Le rapport annuel de la Cour des comptes, rendu public récemment, a de nouveau mis en exergue la problématique de la gestion du secteur aurifère à Madagascar et notamment les difficultés rencontrées pour assurer la traçabilité de l'or extrait et exporté.
Selon le Centre des Ressources sur les Entreprises et les Droits de l'Homme, une plateforme basée en Grande Bretagne, les résultats d'audits contenus dans le dernier rapport de la Cour des Comptes sont " préoccupants, révélant des pertes de recettes publiques, lourdes de conséquences sur les finances du pays (... ). Dans le secteur extractif de l'or, la gestion laxiste de bout en bout de la chaîne demeure un grand problème pour le pays ".
Rapportant les propos du Président de la Cour des Comptes, le Centre de souligner que le manque de traçabilité est perceptible au niveau de la production, du transport, et surtout au niveau de l'exportation de l'or. Et d'ajouter qu'il existe " un écart très important entre l'or qui a été déclaré auprès du ministère en charge des Mines et la valeur de l'or déclaré au niveau international. Pour l'année 2021, par exemple, il y a un écart de 4,5 tonnes d'or. On peut estimer ce manque à gagner pour l'État à 780 milliards d'ariary (170 millions d'euros) concernant le rapatriement de devises ". Mais la Cour des comptes n'a pas le pouvoir de poursuivre les agents mis en cause. Seuls les organes compétents peuvent le faire.

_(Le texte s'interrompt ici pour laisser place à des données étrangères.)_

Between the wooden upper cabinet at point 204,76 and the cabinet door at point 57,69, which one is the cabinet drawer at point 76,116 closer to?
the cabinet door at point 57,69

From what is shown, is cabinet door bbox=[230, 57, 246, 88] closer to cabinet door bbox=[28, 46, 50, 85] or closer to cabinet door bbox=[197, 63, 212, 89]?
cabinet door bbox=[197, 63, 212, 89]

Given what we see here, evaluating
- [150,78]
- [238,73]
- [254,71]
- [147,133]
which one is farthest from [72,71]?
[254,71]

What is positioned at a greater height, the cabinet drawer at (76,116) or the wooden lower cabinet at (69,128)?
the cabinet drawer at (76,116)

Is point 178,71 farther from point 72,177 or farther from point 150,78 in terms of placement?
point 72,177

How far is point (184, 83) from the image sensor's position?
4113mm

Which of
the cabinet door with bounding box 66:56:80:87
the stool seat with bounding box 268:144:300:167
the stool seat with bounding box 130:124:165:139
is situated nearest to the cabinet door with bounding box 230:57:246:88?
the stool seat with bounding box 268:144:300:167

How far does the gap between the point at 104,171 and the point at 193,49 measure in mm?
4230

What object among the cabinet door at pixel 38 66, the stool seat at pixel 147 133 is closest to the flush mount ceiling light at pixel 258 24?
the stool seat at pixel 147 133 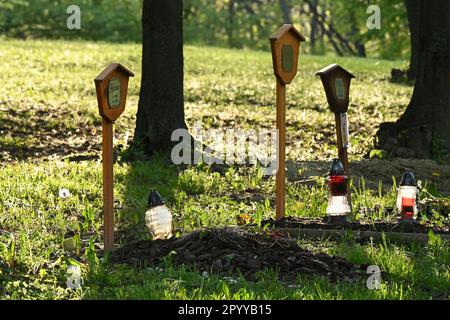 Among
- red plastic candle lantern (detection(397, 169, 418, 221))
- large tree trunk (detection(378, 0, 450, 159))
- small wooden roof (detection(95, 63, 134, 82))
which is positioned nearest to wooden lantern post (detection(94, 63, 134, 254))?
small wooden roof (detection(95, 63, 134, 82))

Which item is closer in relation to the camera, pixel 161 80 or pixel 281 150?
pixel 281 150

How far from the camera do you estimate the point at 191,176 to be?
420 inches

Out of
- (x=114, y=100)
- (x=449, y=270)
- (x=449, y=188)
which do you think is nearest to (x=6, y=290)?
(x=114, y=100)

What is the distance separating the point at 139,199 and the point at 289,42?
2.26 metres

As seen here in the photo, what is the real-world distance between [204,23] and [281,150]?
32505mm

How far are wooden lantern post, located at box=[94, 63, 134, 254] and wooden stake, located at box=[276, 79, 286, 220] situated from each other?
56.2 inches

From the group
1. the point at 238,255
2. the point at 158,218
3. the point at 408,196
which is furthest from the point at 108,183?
the point at 408,196

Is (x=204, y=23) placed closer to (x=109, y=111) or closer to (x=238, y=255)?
(x=109, y=111)

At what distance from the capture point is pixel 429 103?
1257 cm

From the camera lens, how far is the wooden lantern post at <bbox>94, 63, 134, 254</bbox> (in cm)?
764

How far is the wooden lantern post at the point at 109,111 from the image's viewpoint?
7.64 metres

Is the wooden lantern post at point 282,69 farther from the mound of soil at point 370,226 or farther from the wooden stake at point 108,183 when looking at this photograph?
the wooden stake at point 108,183

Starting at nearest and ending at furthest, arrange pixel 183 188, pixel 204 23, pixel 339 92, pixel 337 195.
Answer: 1. pixel 337 195
2. pixel 339 92
3. pixel 183 188
4. pixel 204 23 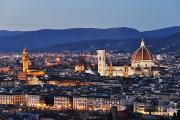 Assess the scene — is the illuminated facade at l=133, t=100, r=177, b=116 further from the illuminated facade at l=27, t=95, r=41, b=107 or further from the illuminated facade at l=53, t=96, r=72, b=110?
the illuminated facade at l=27, t=95, r=41, b=107

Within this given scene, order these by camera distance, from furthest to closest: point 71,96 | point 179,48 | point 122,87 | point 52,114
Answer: point 179,48 < point 122,87 < point 71,96 < point 52,114

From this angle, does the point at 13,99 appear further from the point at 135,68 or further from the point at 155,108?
the point at 135,68

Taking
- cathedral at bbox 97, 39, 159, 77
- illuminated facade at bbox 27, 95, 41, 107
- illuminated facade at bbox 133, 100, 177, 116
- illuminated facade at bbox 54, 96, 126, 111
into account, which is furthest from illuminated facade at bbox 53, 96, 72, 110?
cathedral at bbox 97, 39, 159, 77

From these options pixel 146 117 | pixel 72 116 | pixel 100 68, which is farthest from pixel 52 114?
pixel 100 68

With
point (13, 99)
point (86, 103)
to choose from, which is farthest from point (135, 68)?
point (86, 103)

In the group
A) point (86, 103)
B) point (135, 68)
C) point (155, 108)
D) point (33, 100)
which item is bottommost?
point (155, 108)

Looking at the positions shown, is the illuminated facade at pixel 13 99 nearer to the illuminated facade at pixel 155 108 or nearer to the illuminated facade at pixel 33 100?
the illuminated facade at pixel 33 100

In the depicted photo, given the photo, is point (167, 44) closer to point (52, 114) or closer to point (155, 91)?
point (155, 91)

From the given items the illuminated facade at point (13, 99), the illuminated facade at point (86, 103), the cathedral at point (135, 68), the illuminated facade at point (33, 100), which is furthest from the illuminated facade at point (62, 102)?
the cathedral at point (135, 68) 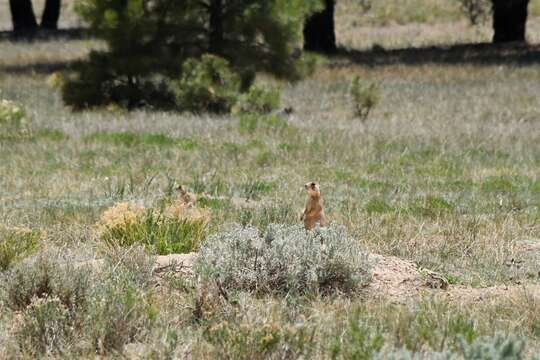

Filière dominée par l'informel
Du côté de l'ANOR (Agence Nationale de la filière Or à Madagascar), l'organe d'appui du Ministère chargé des Mines et des Ressources Stratégiques (MMRS) dans l'harmonisation de la filière or, on reconnait que le volet traçabilité dans l'exploitation de la filière aurifère reste un grand défi. Mais cette entité de rappeler aussi que c'est la raison pour laquelle elle a pris l'initiative d'entamer, il y a un peu plus de deux ans, des réflexions quant à la mise en place d'une structure de canalisation de l'or produit à Madagascar. Grâce au soutien de son organe de tutelle technique avec l'appui de la Banque mondiale et celui du PREA (Programme de Réformes pour l'Efficacité de l'Administration), un état des lieux de la filière et une étude de faisabilité d'une société d'affinage et de traitement de l'or ont pu être réalisés.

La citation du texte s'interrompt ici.